Rates of over-merging and over-splitting
For each marker, over-merging and over-splitting rates were evaluated at different clustering thresholds using the within-species dataset described in the paragraph “Markers examined and construction of sequences datasets”. This dataset contains two sequences at random, identical or not, for a number of species belonging to the taxonomic group of interest.
For each within-species dataset, clustering was performed using thesumaclust program (Mercier et al. 2013) with the -n option (normalization by alignment length) based on the sequence similarities first calculated using the sumatra program (see above; Mercier et al. 2013).
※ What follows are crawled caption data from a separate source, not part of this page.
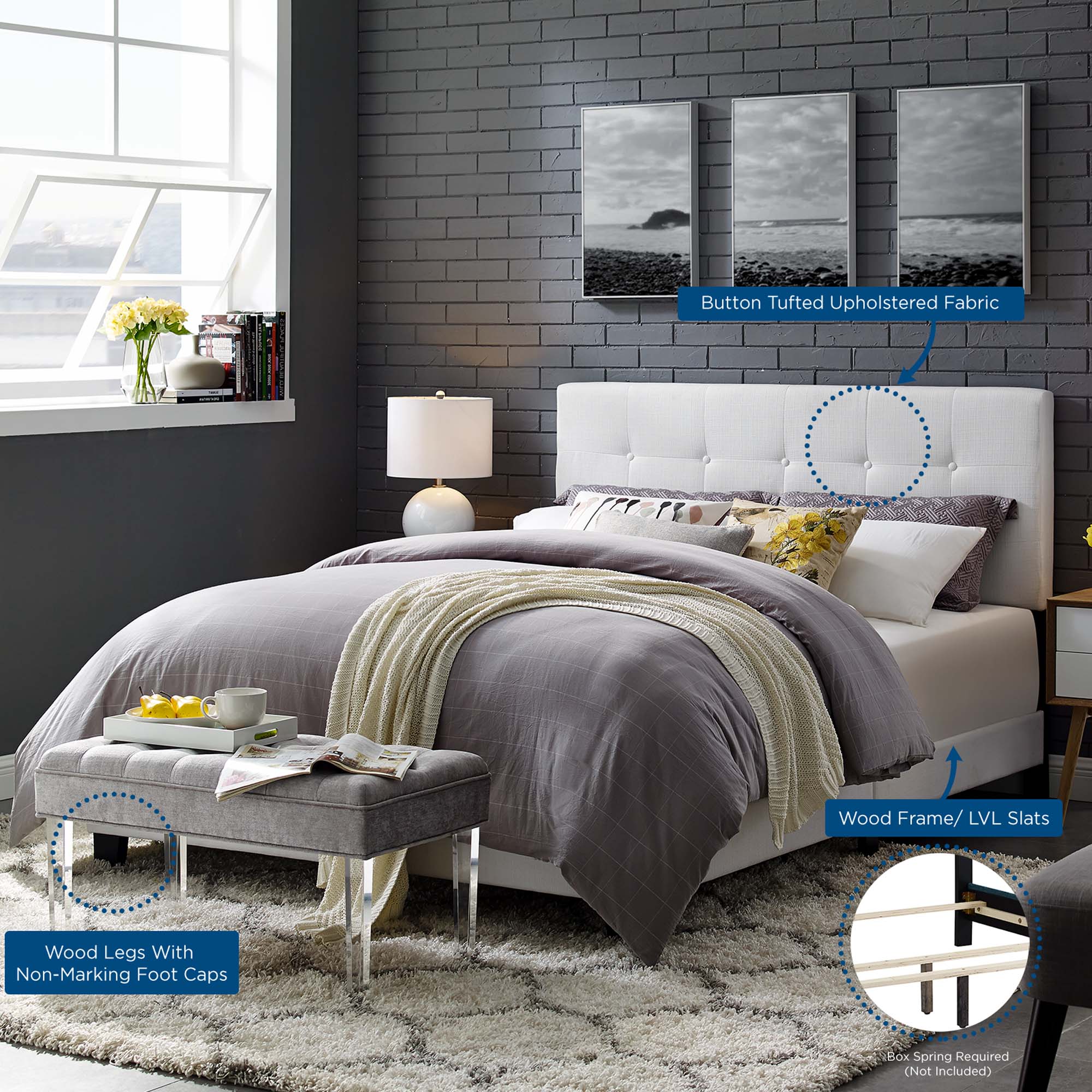 Amira Upholstered Fabric Bed - Image 17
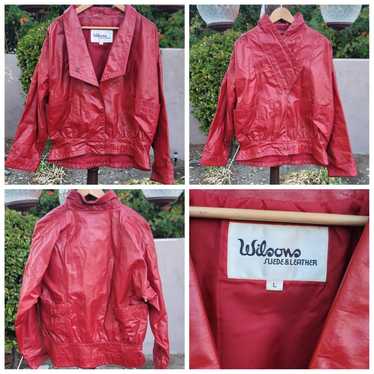 Vtg Wilsons Suede & Leather Red Leather Jacket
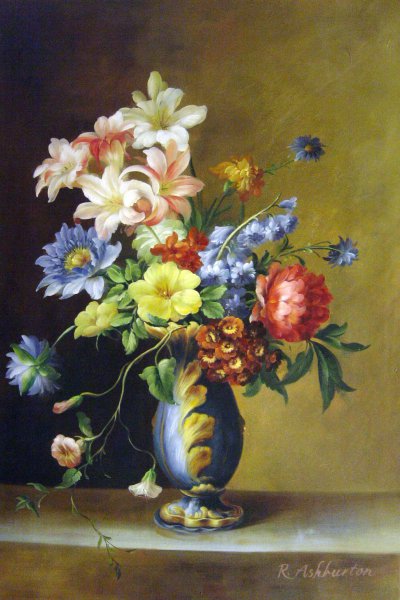 Flowers In A Blue Vase. The painting by Josef Nigg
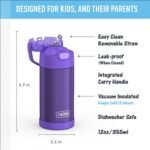 THERMOS FUNTAINER Water Bottle with Straw - 12 Ounce - Kids Stainless Steel Vacuum Insulated Water Bottle with Lid, Violet - Image 3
Threshold values (-t option) ranging from 0.90 to 1 at 0.01 steps were tested for all markers except Coll01 and Olig01 for which wider ranges ([0.70 – 1] and [0.80 – 1], respectively) were selected based on the within-genus and within-species sequence similarity probability distributions determined previously (see Figure 2). Clustered datasets were then explored to calculate five different variables at each clustering threshold: 1) the number of clusters; 2) the percentage of MOTUs containing one single species; 3) the percentage of MOTUs containing one single genus; 4) the percentage of species gathered in one single MOTU; 5) the percentage of genera gathered in one single MOTU. Variables 2 and 3 are indicative of appropriate MOTU merging of sequences at the species and genus levels, respectively, while variables 4 and 5 are indicative of appropriate MOTU splitting at the species and genus levels, respectively.
These values were also used to calculate three measures of error. We defined the over-merging rate as 1 - the percentage of MOTUs containing one single species; and the over-splitting rate as 1 - the percentage of species gathered in one single MOTU. The summed error rate was then calculated as the sum of the over-merging and over-splitting rates. It should be noted that for this estimate, we assigned the same weight to over-splitting and over-merging.